DATA SECTION:
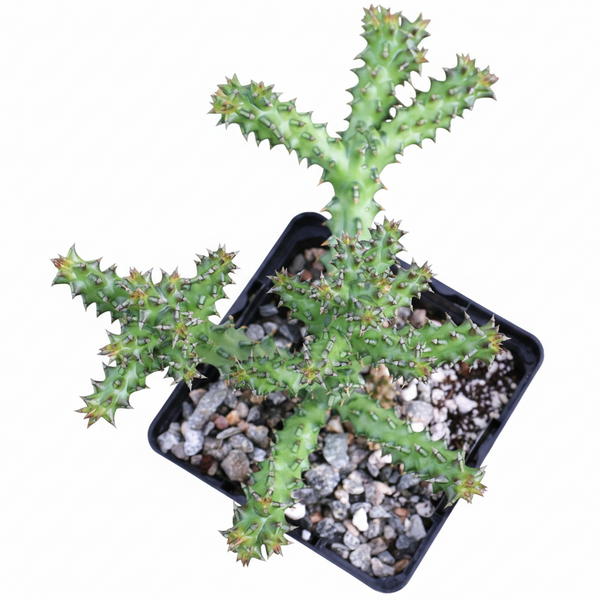 persian carpet succulent Edithcolea grandis 'Persian Carpet Flower' | Rare Exotic Succulent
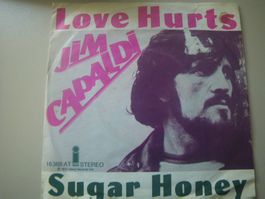 Vinyl-Single Jim Capaldi - Love Hurts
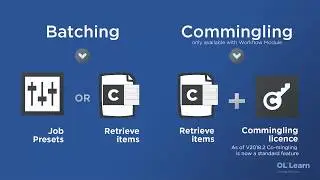 Batching and Commingling in PReS™ Connect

GOAL OF THE EXERCISE:
What you return should match the material word for word, apart from the pictures.

OUTPUT FOR THIS TASK:
 persian carpet succulent Edithcolea grandis 'Persian Carpet Flower' | Rare Exotic Succulent
 Vinyl-Single Jim Capaldi - Love Hurts
 Batching and Commingling in PReS™ Connect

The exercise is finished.